早稲田大学150周年に向けて始動

田中愛治総長「世界人類に貢献する大学」
150周年記念事業推進委員会 中田委員長「世界に示すビジョンを明確にする」
早稲田大学は2032年、創立150周年を迎える。10月17日、同大学は、創立150周年に向けて、2025年10月から本格的に始動する記念事業の目指す方向性や改革のシナリオを示す記者会見を開催した。
田中愛治総長は「早稲田大学150周年に向けて~2032年以降を見据えた2050年のあるべき姿~」について述べた。
同大学は2032年以降を見据えた150周年記念事業を推進し、2050年までに「世界人類に貢献する大学」に進化させ、社会的インパクトのある研究を推進し、日本社会の変革を牽引する方針を掲げる。創立者大隈重信の建学の精神に立ち返り、「Ⅰ Global Research推進事業(社会的インパクトをもつ研究)」・「Ⅱ Global Education推進事業(総合知で世界人類に貢献する人材の育成)」・「Ⅲ Global Citizenship推進事業(人類への貢献のビジョンを牽引・実現)」を記念事業の中心に据えて、総合知による世界人類への貢献を果たす。
この中でⅠでは、地球の気候変動を止めるためにCO2排出を最小限にし、再生エネルギーの効果的効率的利用を実現することにより、文理融合の研究を推進し、カーボンニュートラル社会の実現を目指す。
Ⅱでは、全ての授業を英語で行い、学位単位を可能にする「英語学位プログラム」を学部と大学院で拡充していることなどだ。
これら三つの推進事業は、横断的な取り組みであるグローバルエンゲージメントの強化に支えられる。2032年の目標として、外国人留学生を1万人にすること、同大学から年間6600人の学生を世界に送り出すことを見越している。海外の優秀な研究者を招き共同研究の支援強化、国内外の企業との産学連携の仕組みの強化、海外の有力大学との緊密な連携など、国際頭脳循環を促進する。教員の国際化を見据え、国際公募を実施する。
また、理工創設125周年に向けた西早稲田キャンパスの再整備を2026年度から順次進める。
同事業は校友、学生とその保護者、支援者に向けて、150周年を迎える2032年以降、さらに2050年までには、建学の精神「世界人類に貢献する人材を育てる大学」になることを目指している現在の大学の姿と努力、未来の同大学の姿を理解してもらう事業と考えている。

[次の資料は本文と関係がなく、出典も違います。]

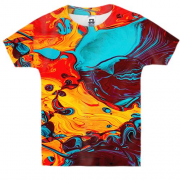 Детская 3D футболка Multicolor abstraction 12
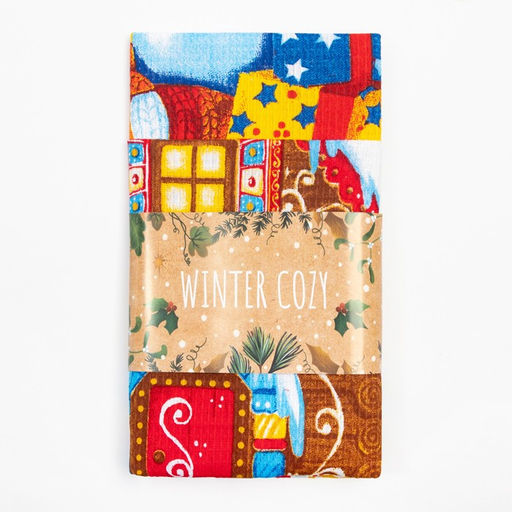 Набор кухонных полотенец Доляна Пряничный домик 35х60см-2шт, 100% хлопок  фото 2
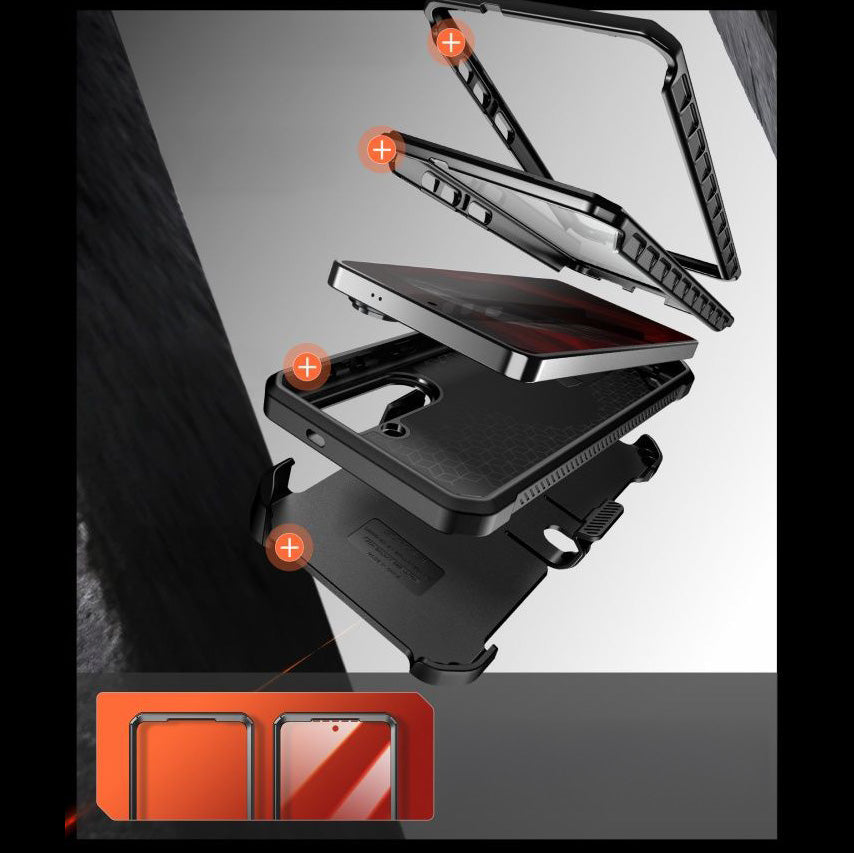 Handyhülle für Galaxy S26 Plus, Supcase UB Pro Mag mit MagSafe SP+noSP, Schwarz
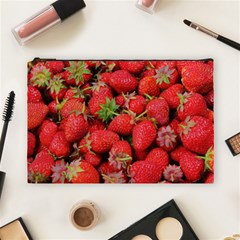 Strawberries Berries Fruit Cosmetic Bag (large) 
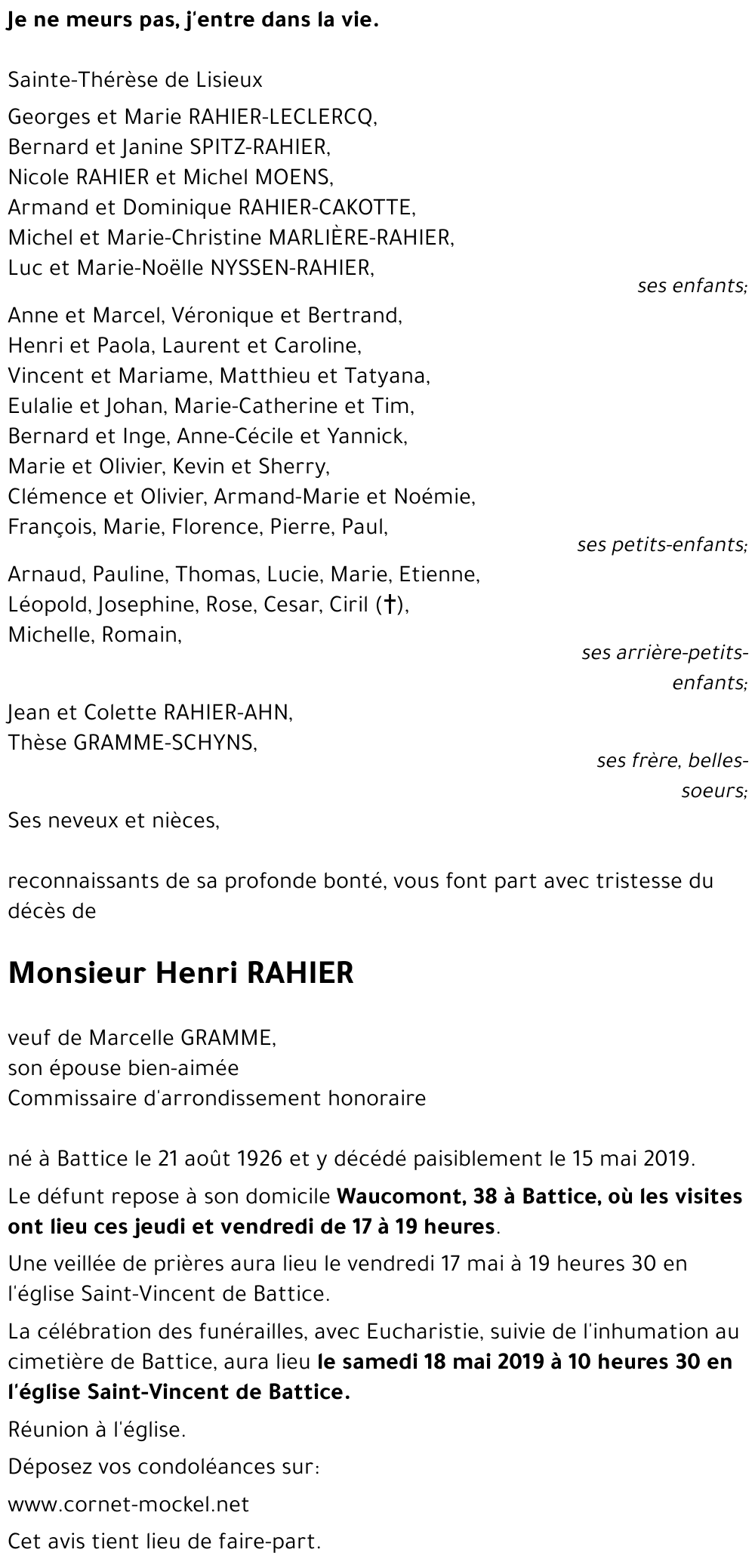 Henri RAHIER
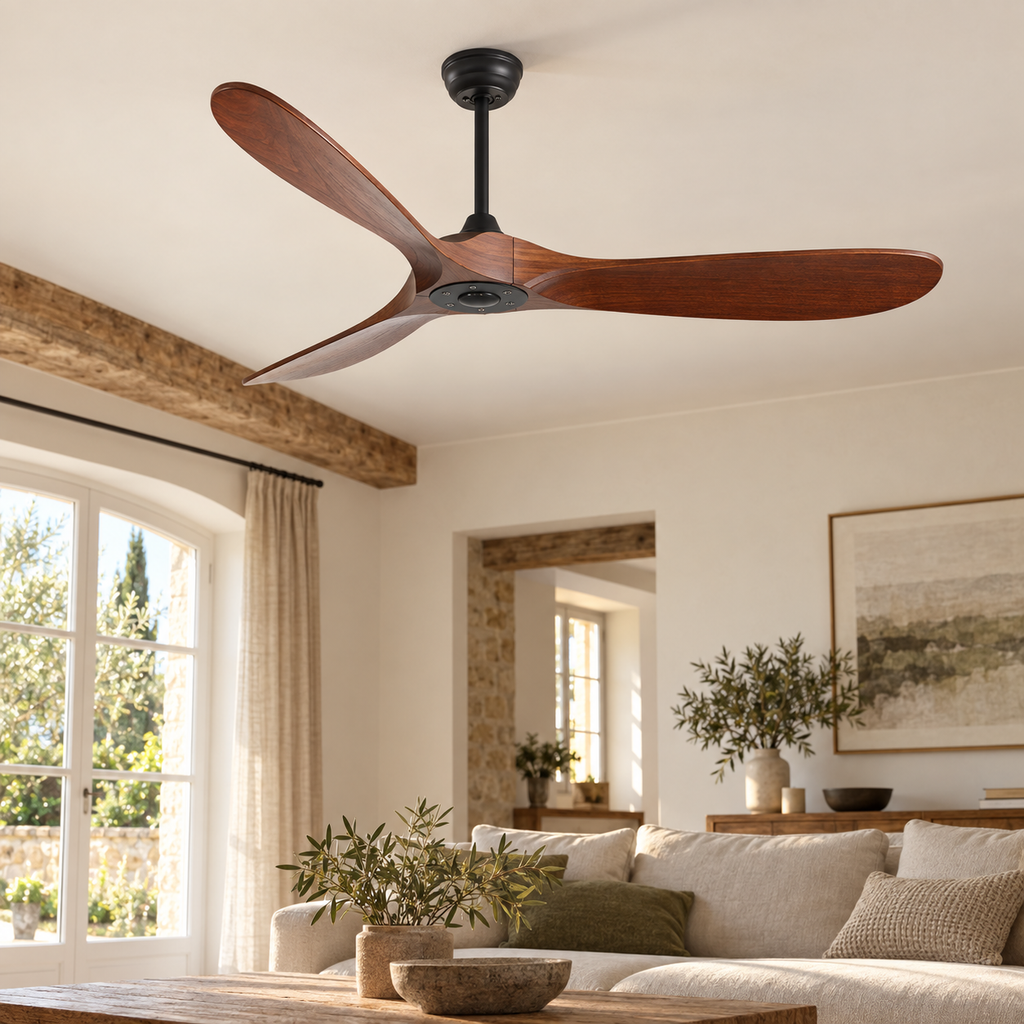 ventilateur noir brun — noir et brun, vue illustrative 7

続いて、中田誠司・150周年記念事業推進委員会委員長(㈱大和証券グループ本社取締役会長)があいさつした。積極的に同大学を応援している校友や経済界などで活躍する校友等で構成される「記念事業推進委員会」を2025年10月に発足。委員の主な役割は、(1)150周年事業の推進のための助言(2)150周年事業への共感、積極的な事業の発信(3)大学独自ではアプローチが難しい人々への声掛け――などとなっている。
中田委員長はあいさつの中で、「150周年記念事業は単なる過去の栄光を祝うものではなく、世界中の卒業生の一人ひとりの叡智を結集して現代の社会課題に取り組むための新たなネットワークを創出するもの」とし、「若者に大きな未来を感じる。世界に示すビジョンを明確にする。日本の大学のプレゼンスの向上を願っている」と述べた。